A Task-based Architecture for Application-aware Adjuncts
Robert Farrell
Peter Fairweather
T J Watson Research Center
Yorktown Heights, NY 10598 USA
+1 914 945 3398
robfarr@us.ibm.com
Eric Breimer
Computer Science Department
Rensselaer Polytechnic Institute
Troy, NY
breime@cs.rpi.com
ABSTRACT
Users of complex applications need tools that serve as adjuncts to their work, such as helpers, assistants, advisors, and critics. We are experimenting with ways of making adjuncts aware of the history of interaction surrounding the accomplishment of a task. This paper introduces a new architecture for application-aware adjuncts. Using the architecture, we have implemented a prototype Task Critic adjunct that can give task-oriented critiques of application usage. Our approach is generic, widely applicable, and works directly with off-the-shelf software packages.
Keywords
Architecture, events, adjuncts, human-computer interaction, graphical user interface, plan recognition, task-based, performance support.
INTRODUCTION
Help systems for software applications typically provide information on operating an application’s complex commands and options without giving the user help completing tasks [5]. While computer-based instruction [2] may provide effective support for new users executing common tasks, more advanced users are left without adequate assistance. To address this shortcoming, we have been experimenting with "adjuncts" to software applications that can be easily authored to handle new tasks. Our adjuncts execute alongside the application, take advice from the user, and provide task-specific support in the context of the user’s work.

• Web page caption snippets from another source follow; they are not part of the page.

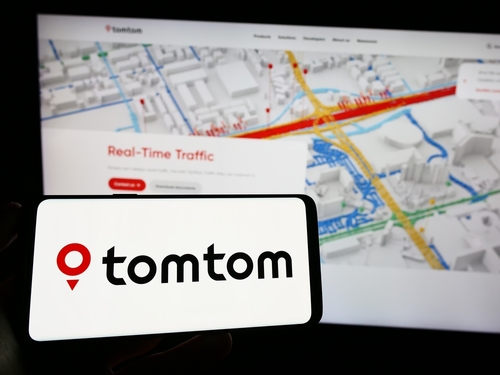 Data from TomTom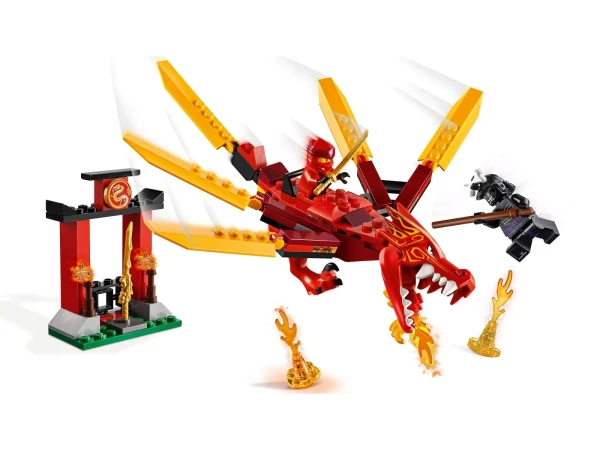 NINJAGO 71701 Огненный дракон Кая
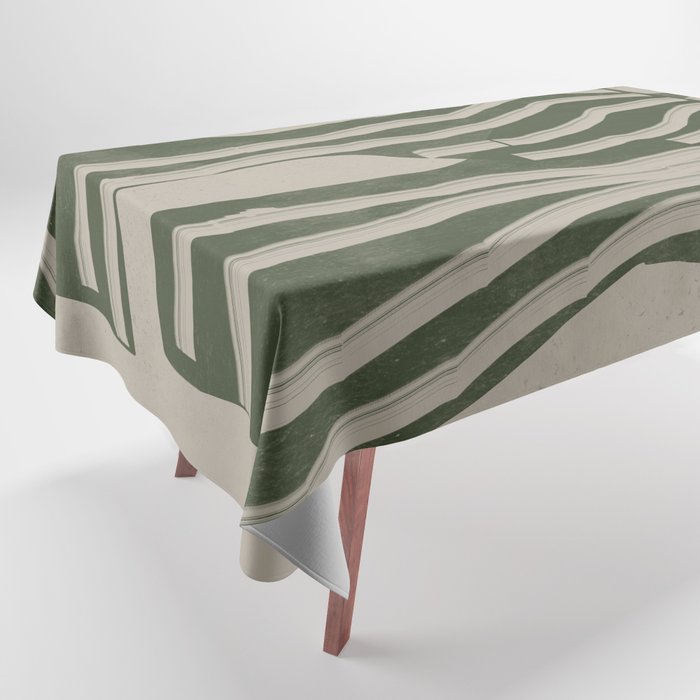 Modern Head Portrait Tablecloth Gallery Image 1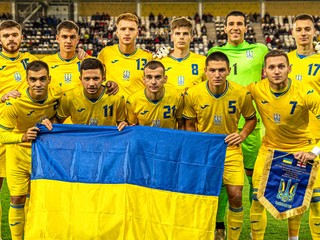 Ukrajinskí futbalisti do 21 rokov.
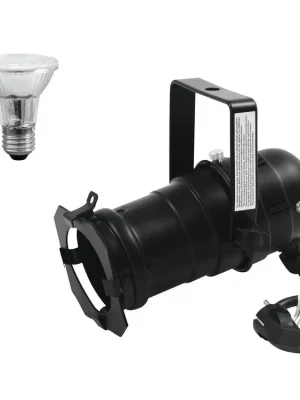 Sichere Zahlung - eurolite PAR-20 Spot E27 sw Set 1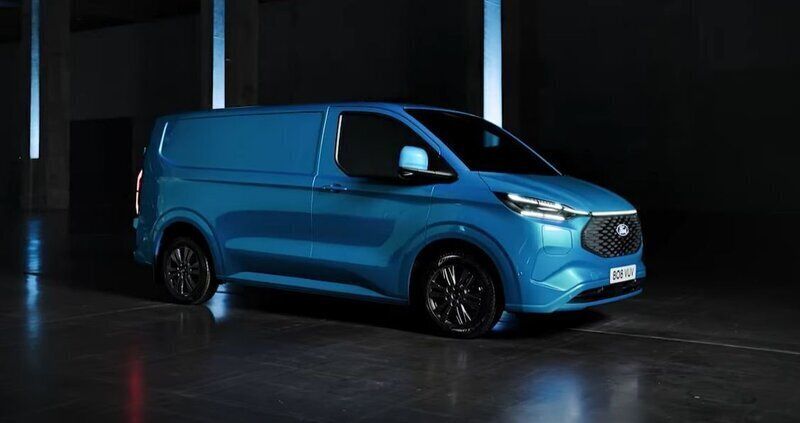 Ny 2024 Ford Tourneo Custom Van | 704 900 kr - Bild 1/4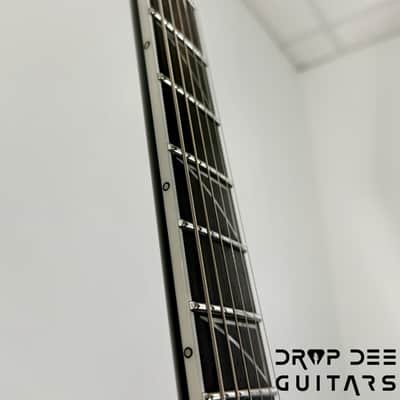 Jackson Pro Plus Series Signature Christian Andreu Rhoads RR24 EVTN6 Electric Guitar w/ Case - Black  with White Bevels image 8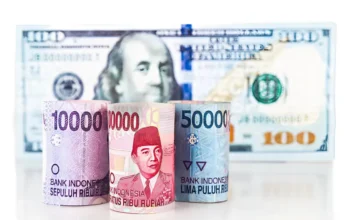 Rupiah Hari Ini Melemah ke Rp17.300 per Dolar AS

This paper describes our experiences creating application-aware, task-oriented adjuncts. The first section provides information on our generic architecture. The next section explains a prototype we’ve constructed for a simple text editor. The last section discusses some of the research issues.
ARCHITECTURE
Our proposed architecture is shown in Figure 1. It supports the interaction between three independent but interrelated agents:

Figure 1: Architecture for Application-aware Adjuncts
Users (1) can work on more than one target application (2) to accomplish a task (e.g., a Text Editor and E-mail) and the Support-ware (3) can provide application-aware processing for more than one Adjunct (4).
To receive application-aware communications from an adjunct, a user must register their identity with the adjunct and optionally select a high-level task or tasks (a) An illustrative task for a text editor is shown in Figure 2.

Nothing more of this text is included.